ERIKA: Yeah. I love that. And I think that slowing down is really key, because our go-tos are so automatic and so fast. It’s very easy to assume we’re all there, we’re all on the same page. We all got to the same conclusion. You know what I mean? And so, I was thinking that it can make you feel uneasy when you start to realize how different someone else who is close to you is from you. When we first have children, it might feel like they’re going to just be little me, they’re going to be like us. And as we start to learn how different they are, I think it can be a challenge at times.

But then, I can rewrite that story for myself, too. It’s not difficult. It’s fun and this is really what makes life interesting. It’s not about finding people who are exactly, precisely like me in every way in order to have met my match, or in order to get along. It’s more about having fun figuring people out and learning about each other and our differences. And just imagining that every person in the world is this complex, unique human being, it’s kind of exciting. But yeah, I can sometimes fall in that trap of like, I just want someone who understands everything about how I am. But it’s too complicated. There’s too much. But that’s okay. That’s just part of the richness of life, that everyone will bring all of their own things to every moment.

PAM: Like you said earlier, it’s that shift to getting curious. It’s giving ourselves that space for that shift, because yes, I think that can be so much about where we are in the moment, too, when things feel overwhelming. Oh my gosh, they just do this. Why this one? But we can take that moment to remember, people are different. And I think it helps, too, having worked through it. We’ve talked about this a lot before, like you said, how much fun it ends up being. How we end up in places that we, on our own, could never have imagined. And it’s super cool and fun, and my life is richer and my world is wider.

And yes, it took some energy and yes, maybe I don’t always have the capacity for it, but when I can do it, it is amazing and it’s worth the time to make that shift, to look through their eyes, to get curious about, why doesn’t that sound interesting? And knowing the personalities, that people are different. Because maybe you don’t ask your child, why is that interesting to you? Because it would feel judgmental just in the way that things are phrased like that. But last month in the Network, our topic was intentional language and that just reaches everywhere. Because people are different, words mean different things to them. There are so many layers to this.

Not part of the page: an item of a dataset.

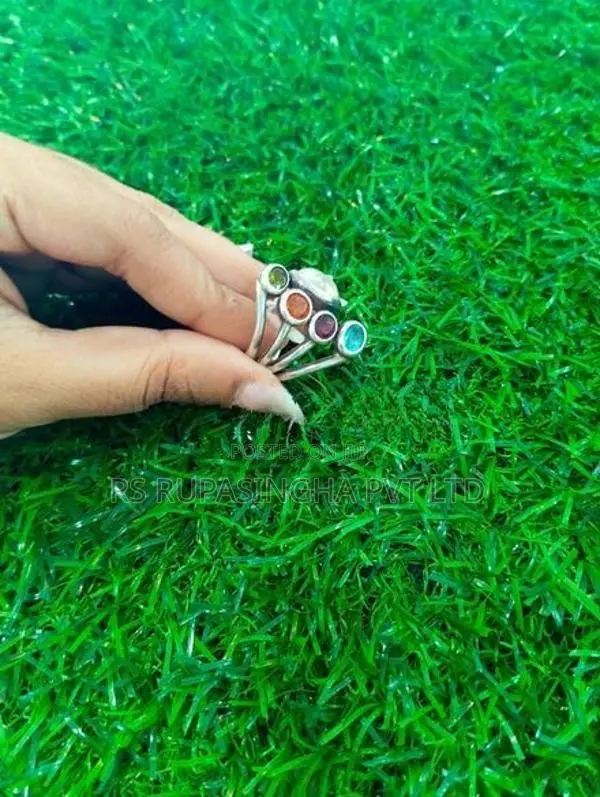 Silver Ring 11G 300MG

ANNA: So many layers. And I’m going to bring the judgment piece back again, because I think it can be when we’re feeling judgmental about someone, we’re most likely here. We’re talking about our kids or our partner, but really anyone, it’s a really great time to pause and say, where’s that coming from? Because I would argue that probably a big chunk of the time, it’s coming from a belief that they’re not doing it the way we would do it. And then when we recognize, oh, there isn’t the one right way, people are just different. I mean, gosh, letting go of that judgment is so valuable to relationships because it really is so surprising to the person on the other end. Because their way of processing and working has been working for them all these years. And now you’re coming in saying it’s wrong and passing judgment. It’s surprising. And so it can be disconnecting.

And so, I think it’s just so important when those little red flags of, like, am I being frustrated by this conversation? Or am I not understanding something? Or am I passing judgment about something?That’s when I want to stop and change that lens. Bring this people are different lens, bring that curiosity, because it really just makes such a difference.

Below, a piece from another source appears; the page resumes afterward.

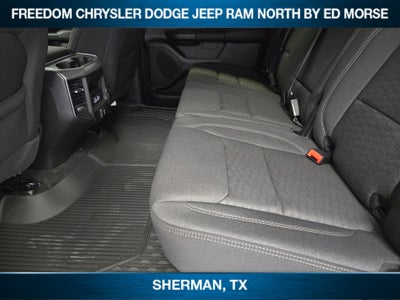 2026 RAM Ram 1500 RAM 1500 LONE STAR CREW CAB 4X4 5'7' BOX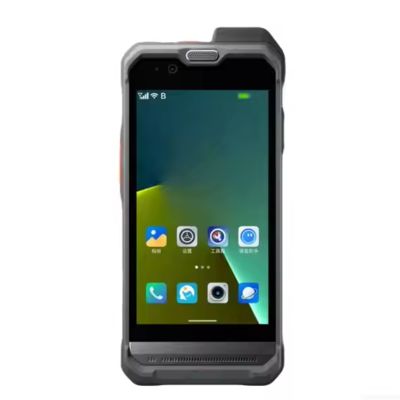 HYT PNC460 4G LTE Rugged Smart Walkie Talkie com GPS DMR Rádio Digital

And when we think about our kids, if we’re judging how they’re spending their time or how they’re moving through their day, this came up with another person not too long ago where, I think they were judging the way the kids spent the day, because they were thinking, “What would I do if I had this free environment? This free environment where I didn’t have to go to school?” And they were putting their child self in this environment that they had created thinking these are all the things that I would do and it would be amazing. And the kids were not doing any of them. “They’re over there doing this thing that I don’t like at all.” But it’s like, oh, but this is what they’re doing with the freedom. This is what they are being drawn to in this moment.

And so again, when we see ourselves like bringing that judgment lens, it’s like, can we let that go and just go, huh, I’m curious about this? I want to understand and recognize that might be what I would do, but it’s not what they’re doing and there’s really good reason for that because we’re all so very different.

ERIKA: Yeah, it’s like when we’re thinking, “Well, you should,” just any “should,” like they should do this. He should do that. That’s a really good little red flag, because it pops into my head all the time. I think it’s a really natural thing to think, because I have good ideas about what I would do and so then it just feels like, and they should as well, but that would be a good red flag to catch.

And then I wanted to mention a little a-ha moment I had with Josh. So, my husband and I have different personalities. We have a lot in common, but there are a lot of big differences. And so, one of the things is, he was talking about his frustration with some people at work, and he’s just like, people just want to be happy. I don’t understand why they’re making these choices or whatever. And so, his big belief about the world is that all people, their main thing is that they want to be happy.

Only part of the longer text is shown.